New digital dispute rules are designed to keep disputes about cryptocurrencies out of court



A task force sanctioned by the UK government has proposed a dispute resolution framework that would keep disagreements over cryptocurrency and smart contracts out of court.

A 14-page report published by LawTechUK’s “UK Jurisdiction Taskforce” proposes new digital dispute resolution rules that aim to provide a standardized way of dealing with smart contract disputes.

Under the remit of the new rules, cryptocurrency-based disputes can be resolved without major intervention from courts. The laws would allow for the appointment of an independent tribunal to adjudicate disputes, and any decision of the tribunal would be legally binding.

The rules also make it possible to raise disputes without disclosing someone’s identity to anyone other than the tribunal, while retaining some of the anonymity afforded by blockchain technology. The document also contains the guidelines and procedures you must follow to raise a dispute. Particularly if someone wants to take advantage of the dispute resolution service, all they have to do is state it in whatever smart contract transaction they are doing.
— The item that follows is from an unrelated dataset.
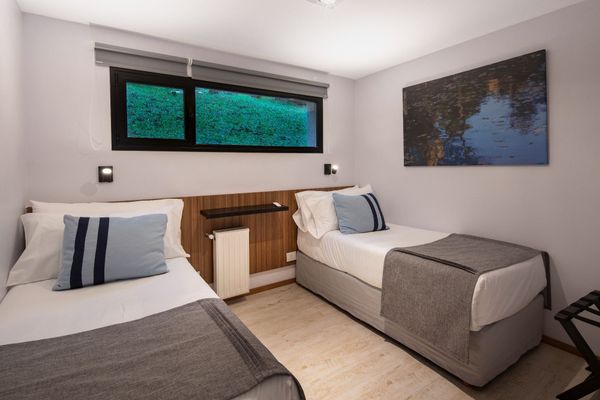 Suite Familiar Vista Montaña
“These rules can be incorporated into a contract, digital asset or digital asset system by including the text (which may be in electronic or encrypted form) ‘Any dispute will be resolved in accordance with the UKJT Digital Dispute Resolution Rules’,” states the document .

If a tribunal decision is to be enforced, it can be prosecuted through courts established under the law of England and Wales. Geoffrey Vos, Master of the Rolls (the head of civil justice in England and Wales) said he envisioned the rules being implemented in a series of digital transactions in the future.

“I am convinced that digital dispute resolution rules will be incorporated into many types of digital transactions in the future. The UK Jurisdiction Task Force will keep a close eye on how the Digital Dispute Resolution Rules are being used, and will try to see if experience suggests they need to be revised in the coming year, ”said Vos in the report’s foreword.